(Dataset items)
* * * *

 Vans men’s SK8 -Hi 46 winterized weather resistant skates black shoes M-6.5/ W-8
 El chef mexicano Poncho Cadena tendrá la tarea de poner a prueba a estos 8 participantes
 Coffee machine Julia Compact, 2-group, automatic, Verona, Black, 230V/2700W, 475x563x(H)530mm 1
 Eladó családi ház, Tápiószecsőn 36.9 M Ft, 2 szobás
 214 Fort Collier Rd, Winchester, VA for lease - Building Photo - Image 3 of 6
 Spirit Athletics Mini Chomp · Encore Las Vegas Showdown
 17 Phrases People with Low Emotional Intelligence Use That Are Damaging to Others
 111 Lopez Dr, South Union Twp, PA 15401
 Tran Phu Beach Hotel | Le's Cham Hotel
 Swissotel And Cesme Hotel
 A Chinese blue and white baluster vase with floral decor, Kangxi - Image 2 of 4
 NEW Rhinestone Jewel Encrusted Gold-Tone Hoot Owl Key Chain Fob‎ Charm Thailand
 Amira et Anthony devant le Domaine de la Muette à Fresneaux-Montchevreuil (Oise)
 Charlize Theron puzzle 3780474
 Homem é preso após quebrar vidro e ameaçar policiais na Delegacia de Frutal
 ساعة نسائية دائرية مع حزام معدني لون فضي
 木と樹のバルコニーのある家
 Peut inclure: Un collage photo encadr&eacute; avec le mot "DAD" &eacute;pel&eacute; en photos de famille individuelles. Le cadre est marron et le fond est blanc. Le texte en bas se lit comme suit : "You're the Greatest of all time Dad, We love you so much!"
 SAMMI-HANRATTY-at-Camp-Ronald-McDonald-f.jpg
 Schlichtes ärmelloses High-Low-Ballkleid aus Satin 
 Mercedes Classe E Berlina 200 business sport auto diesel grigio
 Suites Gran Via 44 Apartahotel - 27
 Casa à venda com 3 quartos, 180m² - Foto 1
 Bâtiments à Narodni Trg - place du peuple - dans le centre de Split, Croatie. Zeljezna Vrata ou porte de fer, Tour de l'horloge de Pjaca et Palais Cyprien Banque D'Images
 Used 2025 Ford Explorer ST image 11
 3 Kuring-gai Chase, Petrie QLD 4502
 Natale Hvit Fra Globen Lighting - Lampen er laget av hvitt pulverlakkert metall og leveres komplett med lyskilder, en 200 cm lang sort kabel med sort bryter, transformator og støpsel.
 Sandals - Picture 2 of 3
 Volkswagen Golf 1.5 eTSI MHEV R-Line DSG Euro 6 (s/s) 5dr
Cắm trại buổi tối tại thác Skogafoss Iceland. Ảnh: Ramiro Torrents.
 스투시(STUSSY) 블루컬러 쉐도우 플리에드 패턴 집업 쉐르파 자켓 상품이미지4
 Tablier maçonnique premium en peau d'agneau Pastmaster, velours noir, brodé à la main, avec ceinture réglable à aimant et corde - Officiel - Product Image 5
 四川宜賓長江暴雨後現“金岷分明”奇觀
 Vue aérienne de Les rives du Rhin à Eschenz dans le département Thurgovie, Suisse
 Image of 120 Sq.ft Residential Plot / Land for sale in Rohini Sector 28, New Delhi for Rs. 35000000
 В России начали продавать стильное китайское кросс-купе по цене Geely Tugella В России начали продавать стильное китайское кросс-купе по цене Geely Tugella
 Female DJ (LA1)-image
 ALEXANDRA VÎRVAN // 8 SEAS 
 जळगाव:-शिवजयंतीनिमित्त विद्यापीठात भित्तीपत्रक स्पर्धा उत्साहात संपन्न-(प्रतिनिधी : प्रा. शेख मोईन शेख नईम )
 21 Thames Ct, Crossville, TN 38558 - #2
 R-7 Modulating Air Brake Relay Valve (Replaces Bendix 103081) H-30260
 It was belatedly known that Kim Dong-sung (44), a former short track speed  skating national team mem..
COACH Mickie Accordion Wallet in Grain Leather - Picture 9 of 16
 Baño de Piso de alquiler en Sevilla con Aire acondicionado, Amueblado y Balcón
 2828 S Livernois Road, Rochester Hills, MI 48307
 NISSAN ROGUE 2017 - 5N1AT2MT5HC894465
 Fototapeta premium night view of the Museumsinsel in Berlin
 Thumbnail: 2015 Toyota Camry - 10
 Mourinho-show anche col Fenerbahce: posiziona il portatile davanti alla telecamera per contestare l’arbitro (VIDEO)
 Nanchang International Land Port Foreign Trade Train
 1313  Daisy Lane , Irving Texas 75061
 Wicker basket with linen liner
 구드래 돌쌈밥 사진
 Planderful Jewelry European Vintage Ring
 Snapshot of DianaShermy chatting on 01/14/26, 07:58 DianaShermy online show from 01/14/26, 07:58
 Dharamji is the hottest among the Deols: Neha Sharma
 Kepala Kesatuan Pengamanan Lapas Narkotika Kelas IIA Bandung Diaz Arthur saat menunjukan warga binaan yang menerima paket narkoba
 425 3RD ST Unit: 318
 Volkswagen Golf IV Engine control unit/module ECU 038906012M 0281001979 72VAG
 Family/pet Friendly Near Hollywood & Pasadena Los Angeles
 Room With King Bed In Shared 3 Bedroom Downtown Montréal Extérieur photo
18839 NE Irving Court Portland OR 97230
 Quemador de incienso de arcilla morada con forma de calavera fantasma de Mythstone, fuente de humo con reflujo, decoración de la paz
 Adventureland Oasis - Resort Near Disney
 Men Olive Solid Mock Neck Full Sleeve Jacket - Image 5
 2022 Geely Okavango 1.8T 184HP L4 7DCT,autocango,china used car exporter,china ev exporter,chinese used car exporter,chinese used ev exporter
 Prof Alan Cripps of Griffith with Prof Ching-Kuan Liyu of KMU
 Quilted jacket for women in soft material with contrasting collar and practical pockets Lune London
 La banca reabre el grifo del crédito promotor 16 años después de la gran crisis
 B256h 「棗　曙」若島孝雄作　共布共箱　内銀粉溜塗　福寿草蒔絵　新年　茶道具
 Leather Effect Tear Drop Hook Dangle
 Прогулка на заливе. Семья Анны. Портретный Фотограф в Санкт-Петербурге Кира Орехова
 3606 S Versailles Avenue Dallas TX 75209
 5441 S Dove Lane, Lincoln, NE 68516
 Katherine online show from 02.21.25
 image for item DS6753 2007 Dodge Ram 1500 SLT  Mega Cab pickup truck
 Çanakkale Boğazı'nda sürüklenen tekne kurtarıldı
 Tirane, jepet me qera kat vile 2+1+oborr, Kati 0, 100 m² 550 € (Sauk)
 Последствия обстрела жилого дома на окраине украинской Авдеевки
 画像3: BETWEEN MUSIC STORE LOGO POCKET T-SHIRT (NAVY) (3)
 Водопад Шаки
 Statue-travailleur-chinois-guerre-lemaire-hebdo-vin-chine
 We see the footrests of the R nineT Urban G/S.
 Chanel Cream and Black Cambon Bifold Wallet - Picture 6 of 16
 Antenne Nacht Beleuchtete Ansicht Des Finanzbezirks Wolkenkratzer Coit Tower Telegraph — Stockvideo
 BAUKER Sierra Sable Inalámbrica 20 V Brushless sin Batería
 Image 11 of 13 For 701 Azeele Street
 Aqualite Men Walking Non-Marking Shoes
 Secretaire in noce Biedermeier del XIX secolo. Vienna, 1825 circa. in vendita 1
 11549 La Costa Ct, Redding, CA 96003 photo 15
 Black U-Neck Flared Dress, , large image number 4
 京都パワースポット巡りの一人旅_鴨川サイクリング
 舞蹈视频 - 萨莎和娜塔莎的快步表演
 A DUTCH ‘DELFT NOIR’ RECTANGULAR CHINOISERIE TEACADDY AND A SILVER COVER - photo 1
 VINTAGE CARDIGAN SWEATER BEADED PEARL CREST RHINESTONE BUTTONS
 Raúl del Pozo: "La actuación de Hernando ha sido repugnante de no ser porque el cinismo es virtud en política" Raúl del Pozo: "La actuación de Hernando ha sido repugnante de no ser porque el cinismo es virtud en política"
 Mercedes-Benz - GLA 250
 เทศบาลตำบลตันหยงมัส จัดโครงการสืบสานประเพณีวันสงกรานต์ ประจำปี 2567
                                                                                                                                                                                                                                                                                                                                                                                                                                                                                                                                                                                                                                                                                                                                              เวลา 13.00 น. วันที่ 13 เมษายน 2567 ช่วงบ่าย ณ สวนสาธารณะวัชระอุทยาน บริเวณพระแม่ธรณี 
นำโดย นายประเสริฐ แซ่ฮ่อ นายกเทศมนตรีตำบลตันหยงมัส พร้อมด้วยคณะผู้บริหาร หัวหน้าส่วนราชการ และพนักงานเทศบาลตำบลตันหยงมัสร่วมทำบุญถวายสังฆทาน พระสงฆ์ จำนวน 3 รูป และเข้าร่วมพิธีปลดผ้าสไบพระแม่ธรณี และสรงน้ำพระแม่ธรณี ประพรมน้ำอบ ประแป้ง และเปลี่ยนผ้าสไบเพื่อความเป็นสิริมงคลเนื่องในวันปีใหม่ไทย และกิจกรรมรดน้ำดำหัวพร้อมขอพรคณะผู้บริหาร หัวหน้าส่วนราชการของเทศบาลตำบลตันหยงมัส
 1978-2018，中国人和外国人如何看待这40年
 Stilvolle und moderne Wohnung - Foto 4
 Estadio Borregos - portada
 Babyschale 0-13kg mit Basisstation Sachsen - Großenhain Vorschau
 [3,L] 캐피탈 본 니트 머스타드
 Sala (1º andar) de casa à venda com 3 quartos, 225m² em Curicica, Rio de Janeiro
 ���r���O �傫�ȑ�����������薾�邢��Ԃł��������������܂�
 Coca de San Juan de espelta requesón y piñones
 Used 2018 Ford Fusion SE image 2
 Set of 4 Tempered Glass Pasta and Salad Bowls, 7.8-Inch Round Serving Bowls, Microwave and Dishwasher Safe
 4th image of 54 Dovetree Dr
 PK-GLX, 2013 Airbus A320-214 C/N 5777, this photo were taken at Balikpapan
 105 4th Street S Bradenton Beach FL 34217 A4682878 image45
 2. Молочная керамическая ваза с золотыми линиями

* * * *

Using the entries above, repeat only the lines from the one containing "जळगाव:-शिवजयंतीनिमित्त विद्यापीठात भित्तीपत्रक" through the one containing "COACH Mickie Accordion", end lines included.

 जळगाव:-शिवजयंतीनिमित्त विद्यापीठात भित्तीपत्रक स्पर्धा उत्साहात संपन्न-(प्रतिनिधी : प्रा. शेख मोईन शेख नईम )
 21 Thames Ct, Crossville, TN 38558 - #2
 R-7 Modulating Air Brake Relay Valve (Replaces Bendix 103081) H-30260
 It was belatedly known that Kim Dong-sung (44), a former short track speed  skating national team mem..
COACH Mickie Accordion Wallet in Grain Leather - Picture 9 of 16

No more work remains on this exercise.